— Exercise brief —
The expected output is the full set of entries, retyped verbatim, pictures excluded.

— Items from a dataset —
:::::
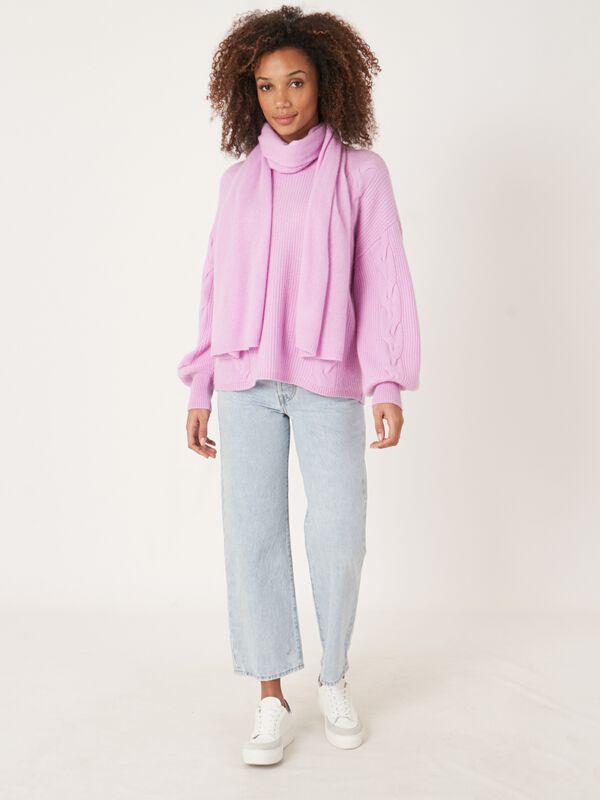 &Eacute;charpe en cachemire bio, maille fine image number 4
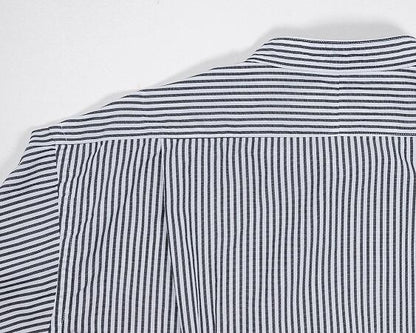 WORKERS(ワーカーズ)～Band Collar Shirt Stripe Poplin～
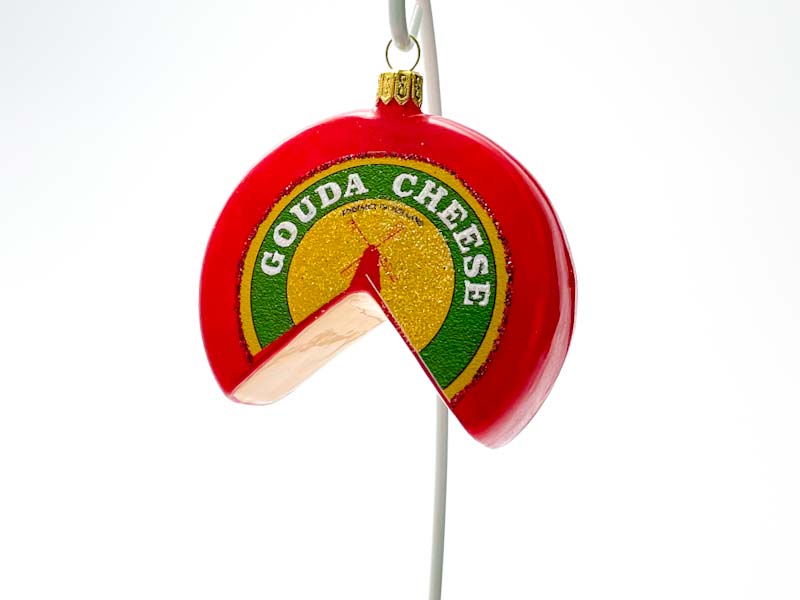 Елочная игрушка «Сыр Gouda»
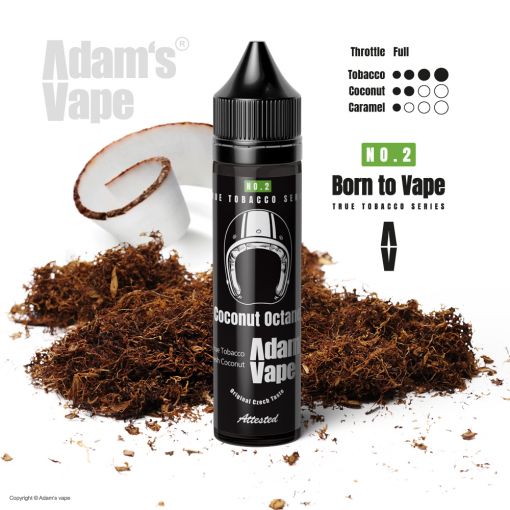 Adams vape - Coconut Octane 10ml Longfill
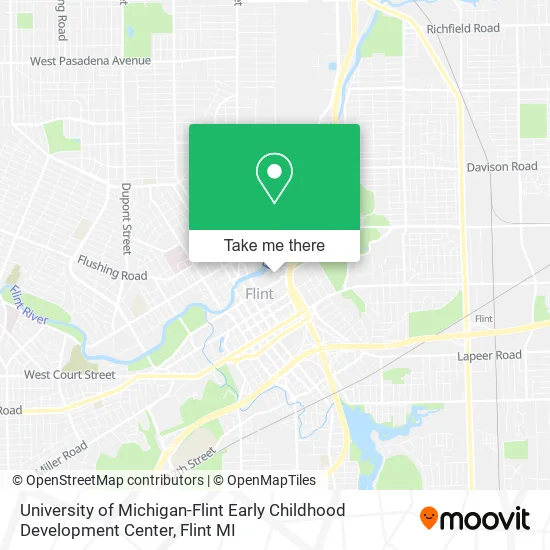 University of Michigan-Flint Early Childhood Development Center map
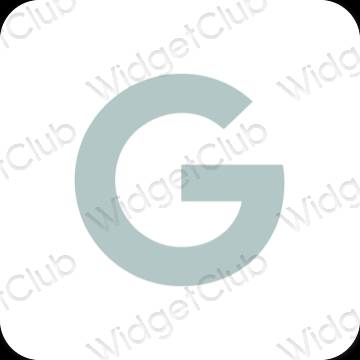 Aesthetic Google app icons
:::::
— Expected answer —
 &Eacute;charpe en cachemire bio, maille fine image number 4
 WORKERS(ワーカーズ)～Band Collar Shirt Stripe Poplin～
 Елочная игрушка «Сыр Gouda»
 Adams vape - Coconut Octane 10ml Longfill
 University of Michigan-Flint Early Childhood Development Center map
 Aesthetic Google app icons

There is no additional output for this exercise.